Я не знал, что ему ответить на такое признание. И мальчик тоже молчал, как будто бы немного растерялся. А потом приободрился и начал рассказывать:

— Мама в красном платке. Она ходит по ягоды. Она может набрать целую корзину ягод и грибов. Она их наберет, а потом возьмет и выпустит, и они опять по лесу разбегутся. А мама стоит и поет какую-то песню. И она… — Костик задумался и решительно добавил: — Она очень и очень хорошая. Добрая она.

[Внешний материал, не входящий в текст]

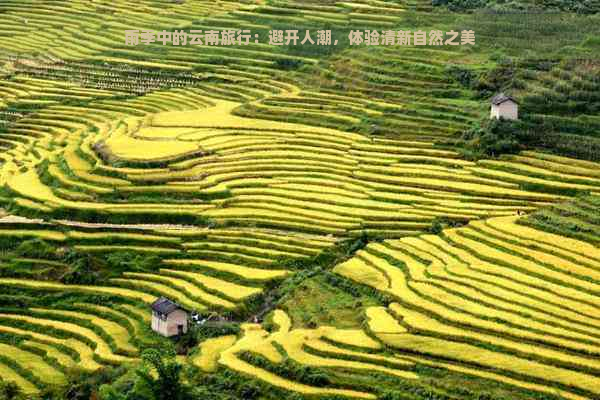 雨季中的云南旅行：避开人潮，体验清新自然之美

Мальчик опять замолчал, и мне даже показалось, что он плачет. Я осторожно глянул ему в лицо. Нет. Он просто сидел на камне и смотрел прямым светящимся взглядом в даль озера.

— А потом мама доит корову и пьет молоко, — продолжал он, — и мне дает немножко. Целую кружку. И потом уходит на работу.

Мальчик вздохнул. Он замолчал надолго. Он только смотрел в даль, где озерная гладь сливалась с серым небом. И где появился из-за острова вчерашний юркий пароход.

— Тебе нужно идти, — сказал я и тронул Костика за плечо, — тебя ждут.

Мальчик молчал.

— Тебя ждут и беспокоятся, — сказал я наставительно.

— Я знаю, — согласился Костик. — Еще немного посидим и пойдем. Еще… немного…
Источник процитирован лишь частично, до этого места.